Checking the proof of Lemma 2.3 carefully, we can see that all the conclusions of it still hold when 2 “CM” is replaced with 2 IM.

### Lemma 2.4

Let $$f(z)$$be a nonconstant entire function of finite order, and let $$a_{1}$$, $$a_{2}$$be two distinct finite complex constants.
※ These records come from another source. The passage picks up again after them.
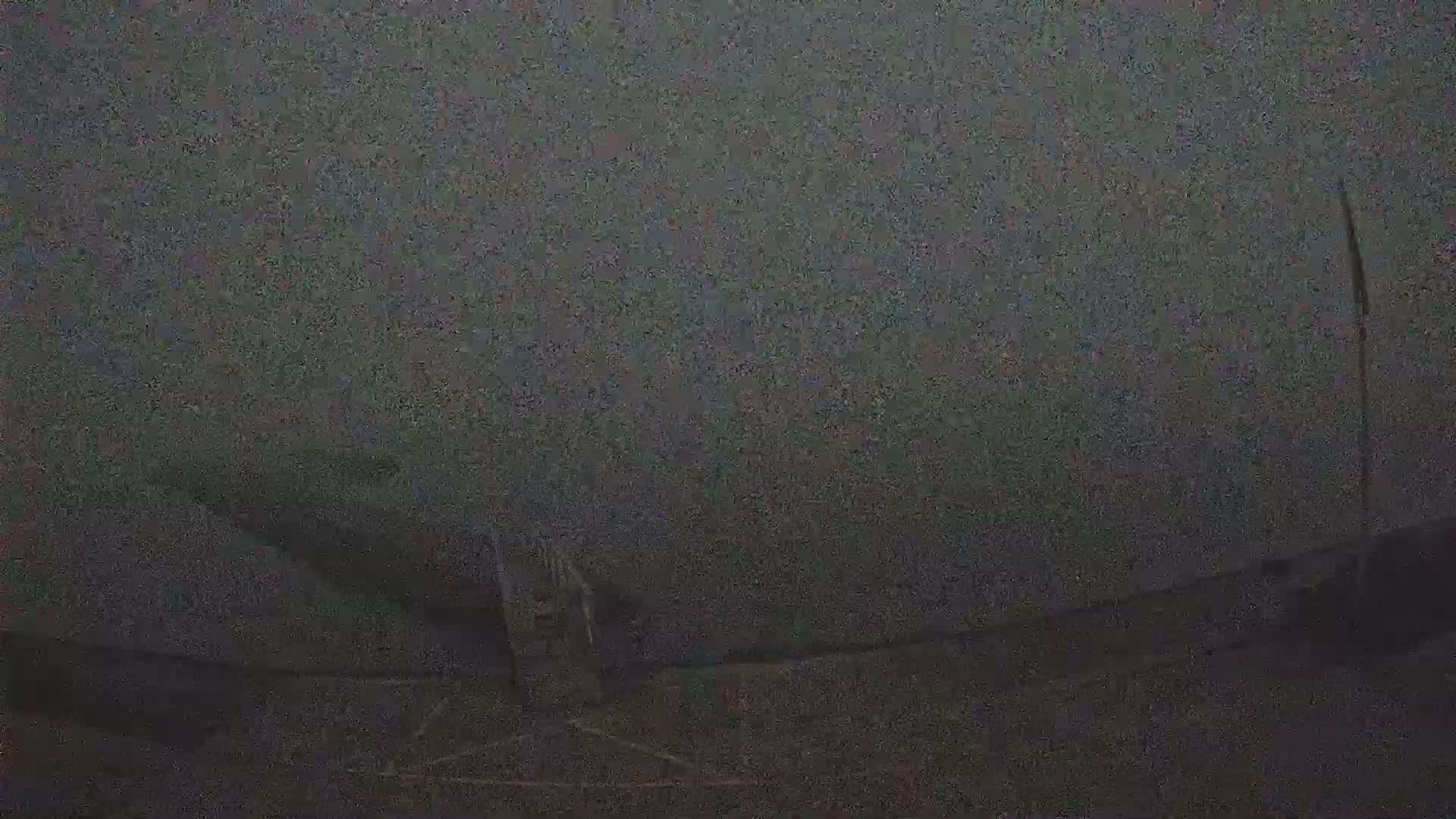 A blurry, dark image shows a possibly nighttime, outdoor scene with poor visibility.
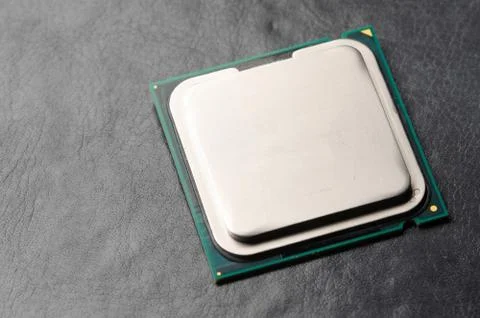 The microprocessor processor of the CPU of a computer or laptop lies on a dark Foto stock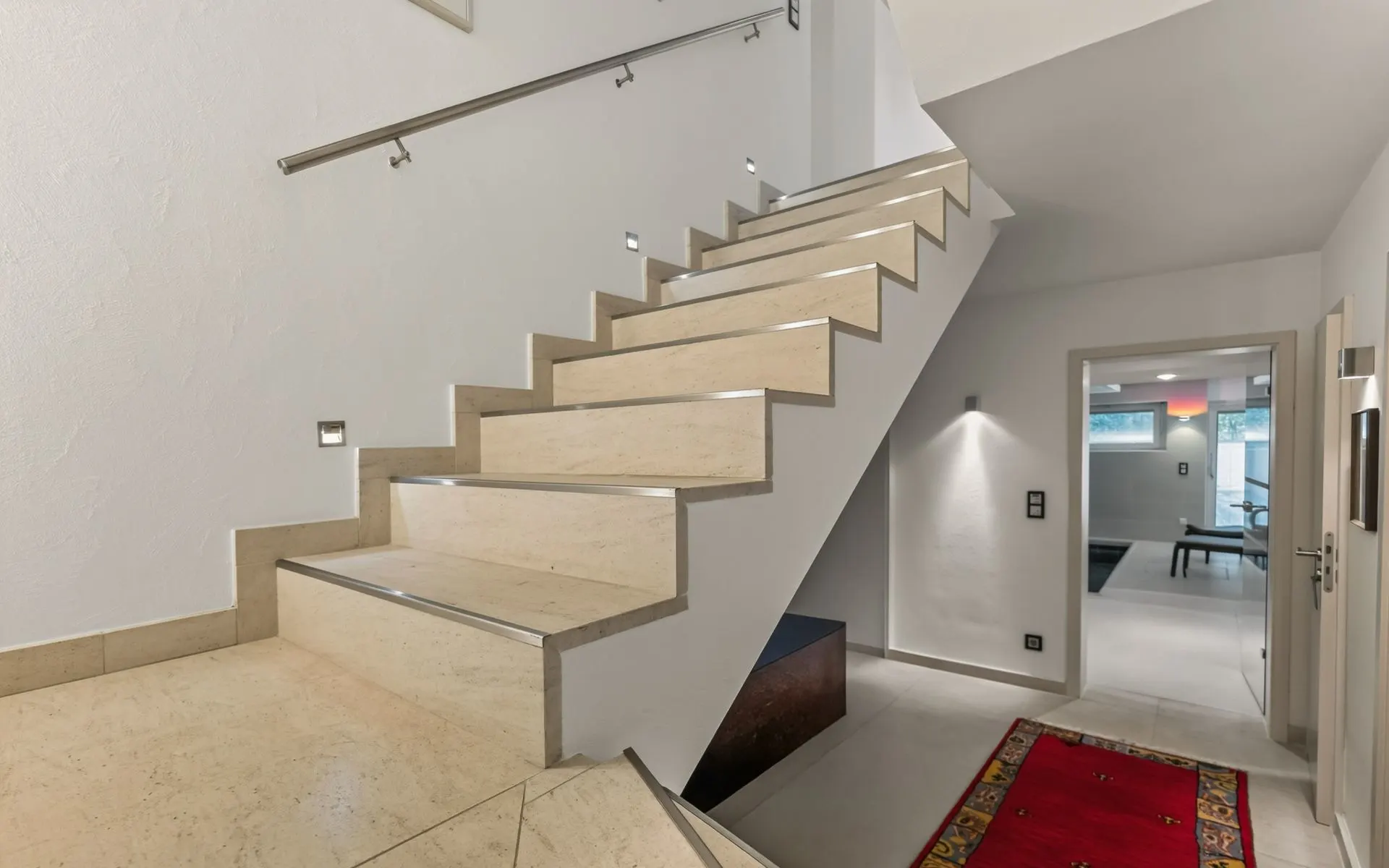 Heller Flur mit Treppe aus hellem Stein und rotem Teppich, Blick in ein Wohnzimmer.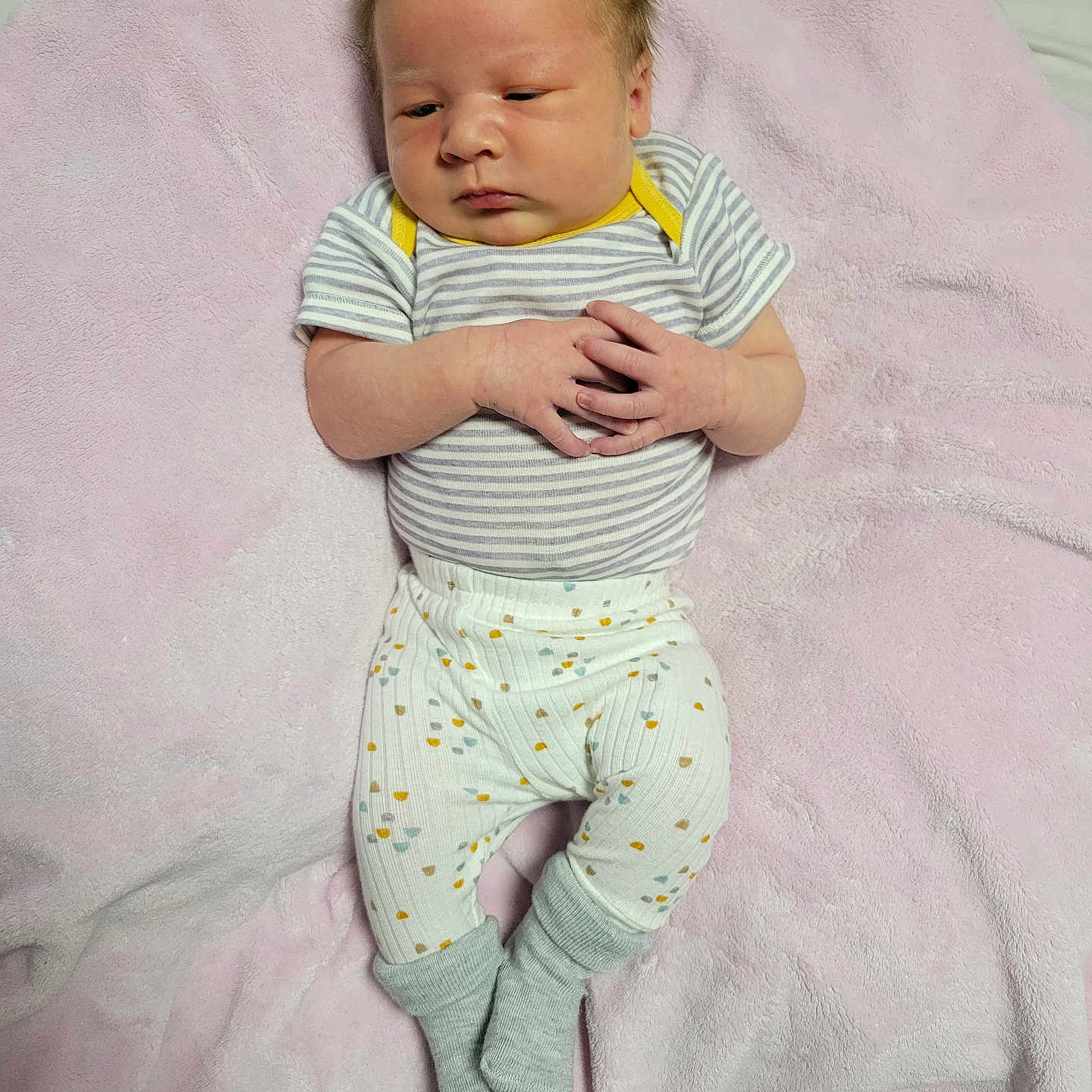 Farrah is registered to the contest to win money with this photo: baby, bed, blanket, bodypart, clothing, cushion, face, finger, furniture, glove, hand, head, hosiery, newborn, pants, person, photography, portrait, sleeping, sock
If $$f(z)$$and $$\Delta _{\eta }^{n}f(z)$$share $$a_{1}$$and $$a_{2}$$IM and (1.1) holds, then $$f(z)$$and $$\Delta _{\eta }^{n}f(z)$$share $$a_{1}$$and $$a_{2}$$“CM”.

### Proof

It is easy to find that $$f(z)$$ and $$\Delta _{\eta }^{n} f(z)$$ share $$a_{1}$$ “CM”, since $$f(z)$$ and $$\Delta _{\eta }^{n} f(z)$$ share the value $$a_{1}$$ IM and (1.1) holds.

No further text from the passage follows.